The movie opens with a quote from Lorne Michaels saying that the show doesn’t go on because it is ready, the show goes on because it is 11:30. Amusing and very apt for what this flick is, which is basically just a crazy race to get the first show off the ground. Some moments feel a bit trying too hard to make SNL seem more important than it is, a lot of words about “counterculture” and near the end when Lorne makes an impassioned plea about what the show is. The stories are probably not entirely accurate, Lorne at his lowest point 30 minutes before airing the first show probably didn’t get splattered with fake blood, wander off into a bar, and found a new writer for his comedy show. But it adds to the intensity of the countdown to air, which gives the movie a pulse.

It is compelling to see them try to get all the pieces together. Like Lorne has an entire rundown of what is supposed to be a 90 minute show and the dress rehearsal took three hours. There’s crazy notions of two different musical guests and comics competing for four minutes of airtime, with Lorne saying they have to cut it down to two minutes. When the comic says the setup would take two minutes, Lorne lets him go. There is a corkboard with note cards about each sketch that looks way too big and in a moment of frustration Lorne tears it down.

The casting and makeup for the film is spot on as almost everyone looks very close to the way the cast looked in 1975. LaBelle as Michaels is great, he looks just constantly haggard yet hopeful about getting this show off the ground. He makes short-sighted decisions to prove a point, like when he says he didn’t tape the dress rehearsal, so it had to be the live show or nothing. Cory Michael Smith as Chevy looks amazingly close to how Chevy looked in the 1970s and he is a great jokester yet also be petty instantly.
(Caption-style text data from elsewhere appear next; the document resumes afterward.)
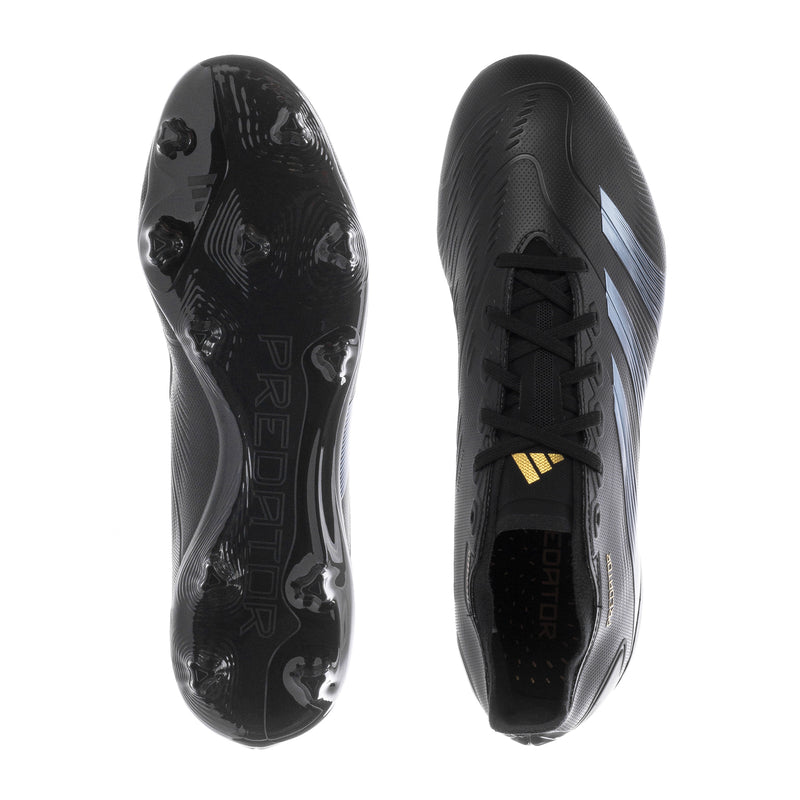 FG soccer cleats shown from sole with molded studs and black textured surface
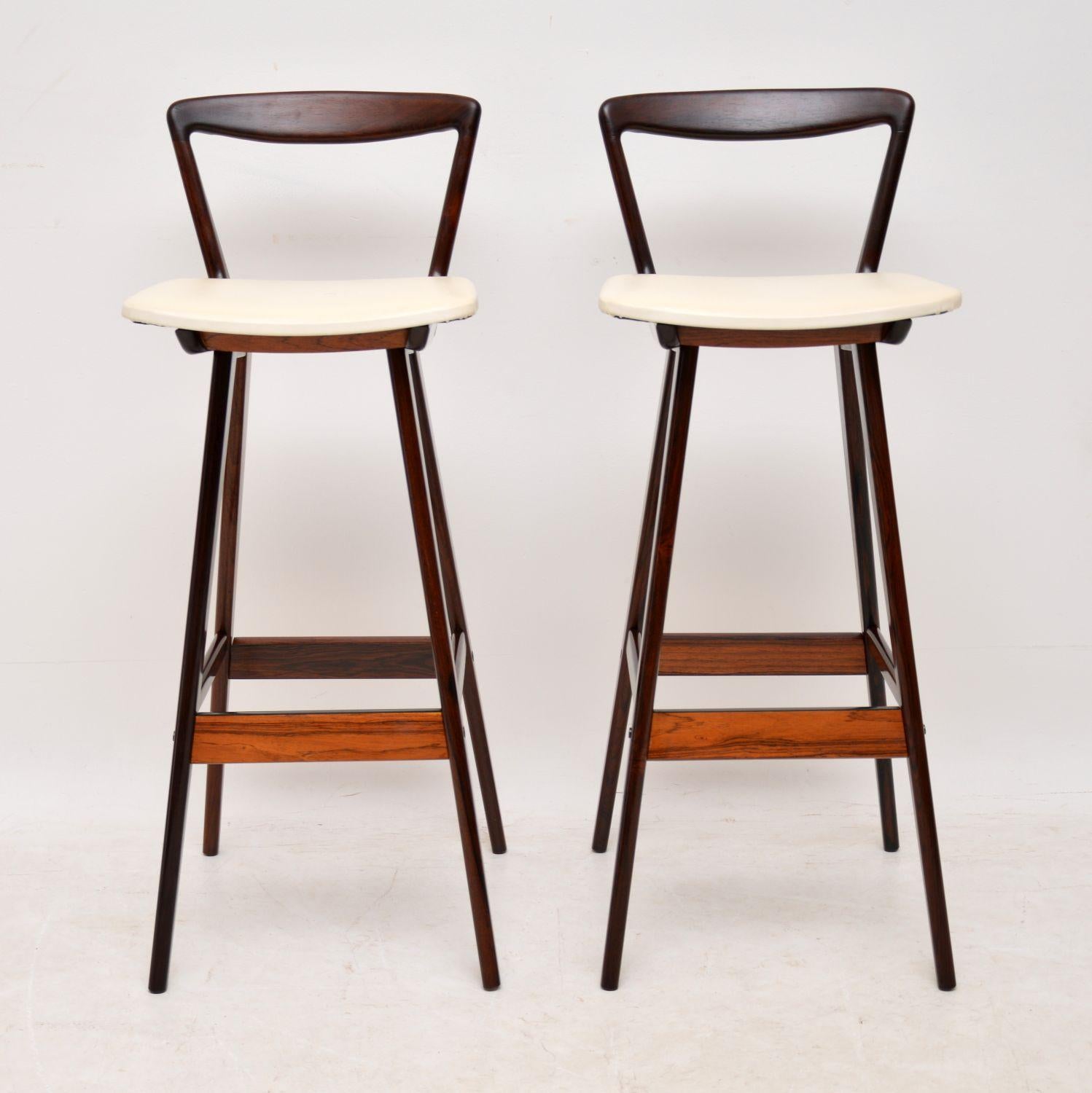 A stunning and very rare pair of Danish bar stools, these were designed by Henry Rosengren Hansen and were made in the 1960s. The previous owner imported these from Canada in the 1960s, then kept them flat packed and boxed in an attic for the past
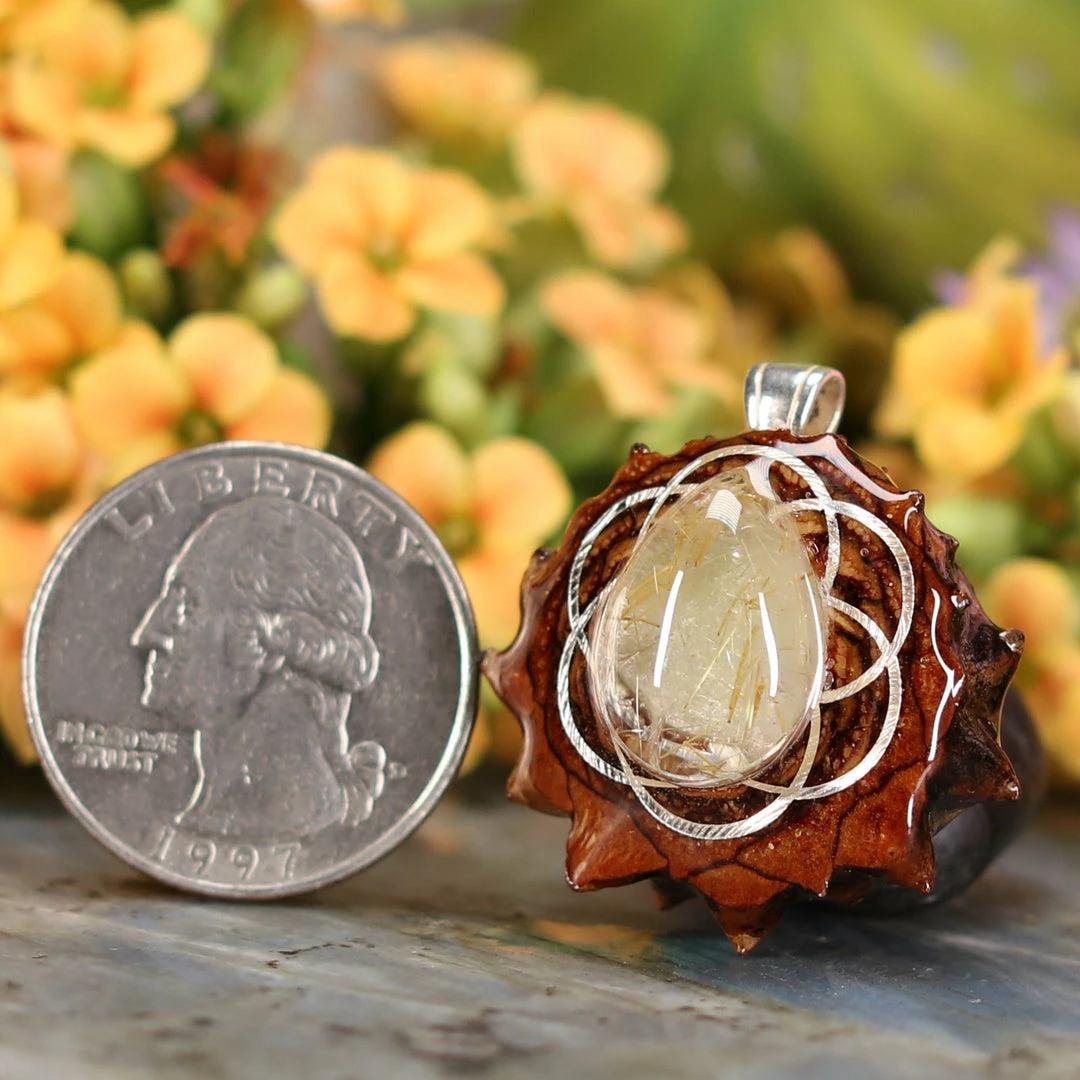 TEP Glowing Rutilated Quartz With Silver Seed Of Life Pendants 4 TEP Glowing Rutilated Quartz With Silver Seed Of Life Pendants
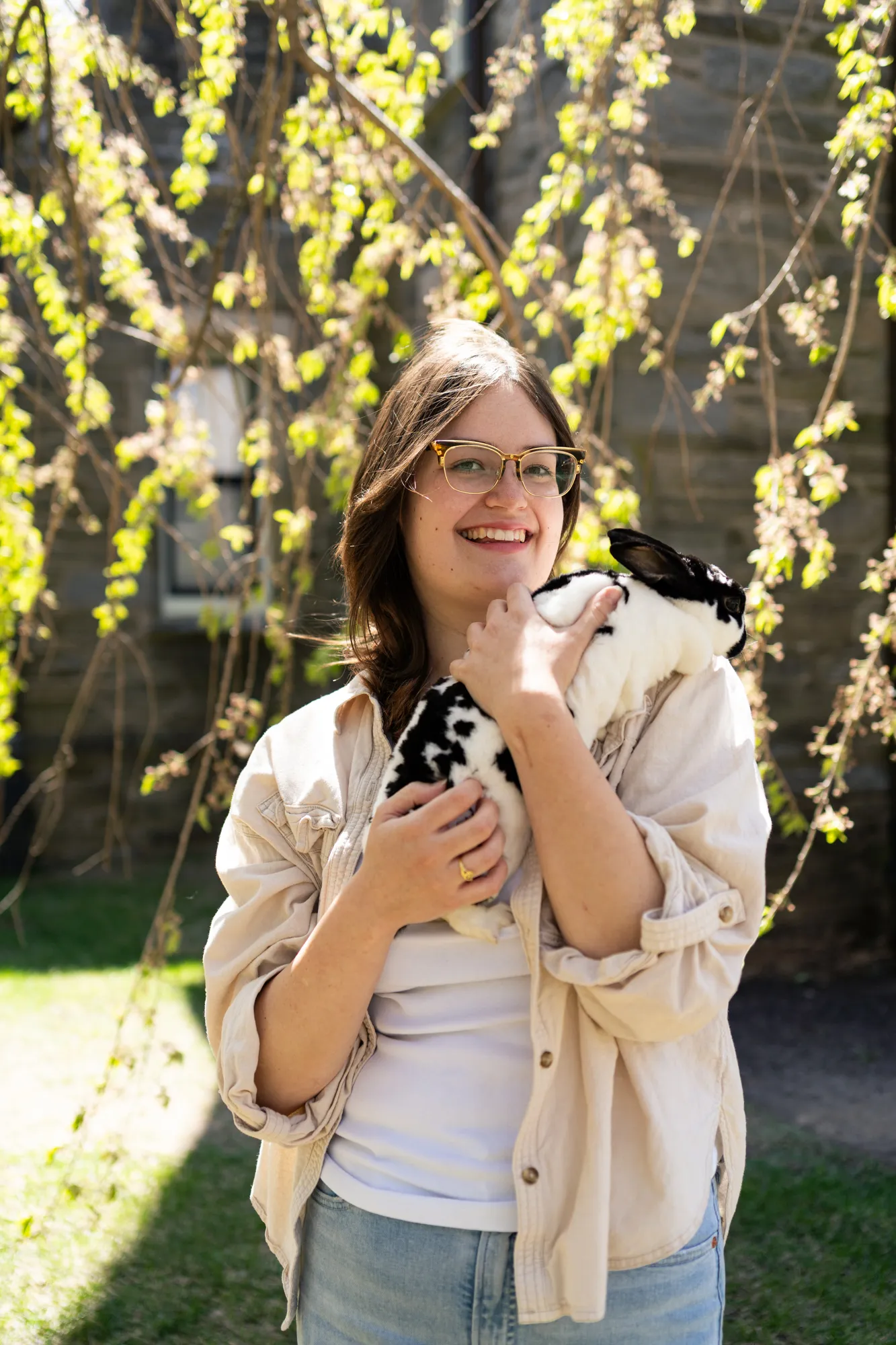 Brooke holding her pet bunny under the willow trees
There’s about three different characters who make surprisingly accurate predictions about the rise and fall of Chevy’s career. Even the exec played by Dafoe says Chevy could have a future as a talk show host, a direct reference to the short-lived talk show Chevy hosted. As for Dafoe, his know-it-all exec is ready to pull the show, and it is revealed by Lorne’s producer that the whole show is just a way for the network to stick it to Johnny Carson that they don’t need to run a rerun of his show on Saturday nights. Wood channels Belushi’s manic on stage and mopey in private persona really well, in fact everyone is doing a spot on impression. Lamorne Morris as Garrett Morris is a rounded professional and he feels let down by doing bit parts on the show. Wolfhard is in the movie briefly but he is pretty funny as a NBC Page who can’t get anyone to get tickets but then at the end he has somehow filled the studio with happy audience members.

Co-written and directed by Jason Reitman, Saturday Night has a sense of authenticity. The end credits are a fun version of the opening SNL credits, and it ends on a perfect note. Even though it was on the verge of falling apart, when they all work together and it’s live from New York, the feeling is euphoric.